I believe that here, as with the government’s violation of the anti-wire-tapping statute in Nardone, the appropriate remedy is the exclusion of evidence obtained by the government in violation of the statute. See Nardone v. United States, 308 U.S. 338, 339-41, 60 S.Ct. 266, 84 L.Ed. 307 (1939).
“Any claim for the exclusion of evidence logically relevant in criminal prosecutions is heavily handicapped. It must be justified by an over-riding public policy expressed in the Constitution or the law of the land.” Id. at 340, 60 S.Ct. 266. We must reconcile the need for “stern enforcement of the criminal law” with the concern for preservation of the integrity of the judicial process that Congress has manifested in § 201(c)(2). See id. The circumstances of the case before us persuade me that this balance should tip toward protection of the trustworthiness of the judgments of our courts. As in the Fourth Amendment context, exclusion of paid testimony would provide a vital incentive for the government to abide by the law. Moreover, exclusion of paid testimony directly advances the concern of the underlying law: the reliability of evidence.
The case before us illustrates vividly the dangers posed by the government’s purchase of testimony. With respect to Lan-Franca, Bartels appears to have attempted to give the testimony he thought the government wanted to hear, impheating Lan-Franca in the conspiracy at LanFranca’s revocation hearing, and then changing his testimony so as to shore up LanFranca’s credibility at Albanese’s February 1998 trial, where LanFranca testified for the government. It is only by the aid of the district judge’s perceptive law clerk that we are aware of this particular prevarication; one can only wonder in what other ways Bartels endeavored to keep his customer satisfied.
This case should be remanded to the district court for an evidentiary hearing. Because the relevant information on this issue is in the possession of the government, once a defendant has made a prima facie showing that the government is paying a witness or providing other tangible remuneration for or because of testimony, the burden must shift to the government to prove that it has not violated § 201(c)(3). On remand, the government should be allowed to present additional evidence on this issue, although the present state of the record strongly suggests to me that the government will be unable to carry this burden.
V.
For the foregoing reasons, I respectfully dissent.
. While the rejection of Singleton I may aptly be characterized as a ''stampede,” United States v.
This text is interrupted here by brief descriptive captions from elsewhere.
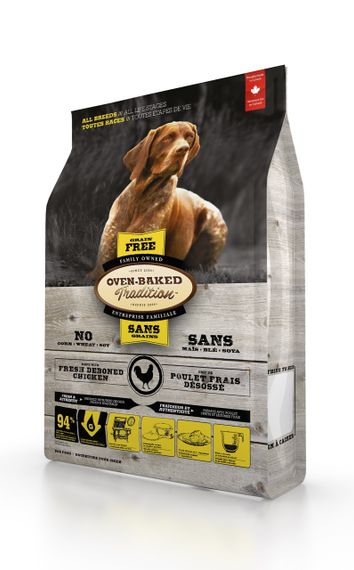Корм Oven-Baked Tradition Dog Chicken Grain Free сухий з куркою для собак будь-якого віку 11.34 кг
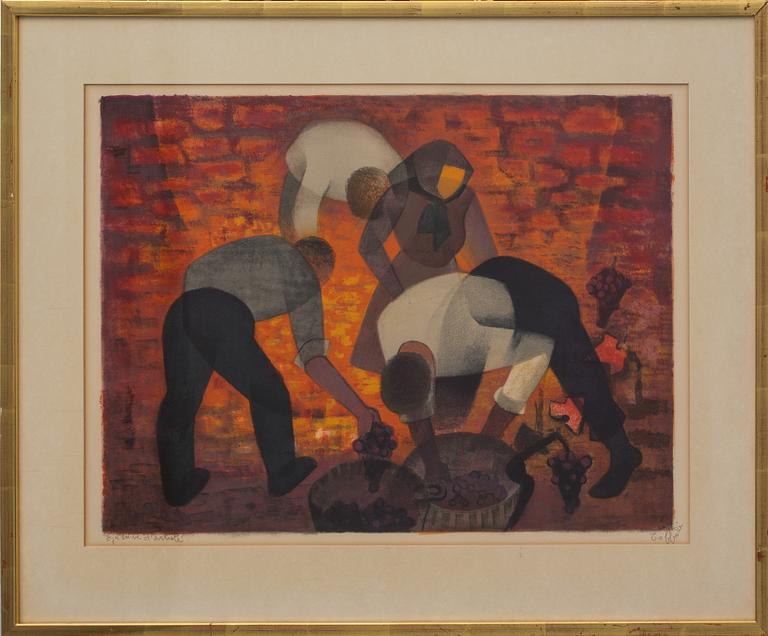 LOUIS TOFFOLI, färglitografi, signerad, epreuve d´artiste.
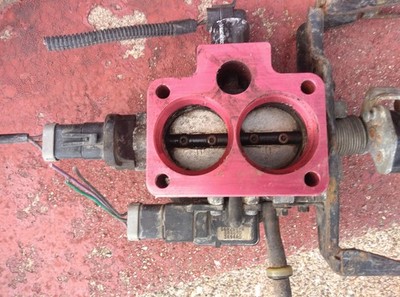 1995 Mopar DodgeRam Magnum Engine throttle body 5.9 w spacer and sensors / pigta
Lowery, 166 F.3d 1119, 1123 (11th Cir.1999), other courts have recognized that the issue we face in this case is distinct from that in Singleton, see United States v. Hunte, 193 F.3d 173, 176 n.4 (3d Cir.1999) (reserving question of § 201(c)(2)’s application where witness has received money from government in exchange for testimony); United States v. Condon, 170 F.3d 687, 689 (7th Cir.1999) (rejecting argument that leniency in exchange for testimony violates § 201(c)(3), but declining to hold that statute does not apply to federal prosecutors; "[tjhat approach, if taken seriously, would permit prosecutors to pay cash for favorable testimony, a practice that lacks the statutory and historical support of immunity and sentence reduction”).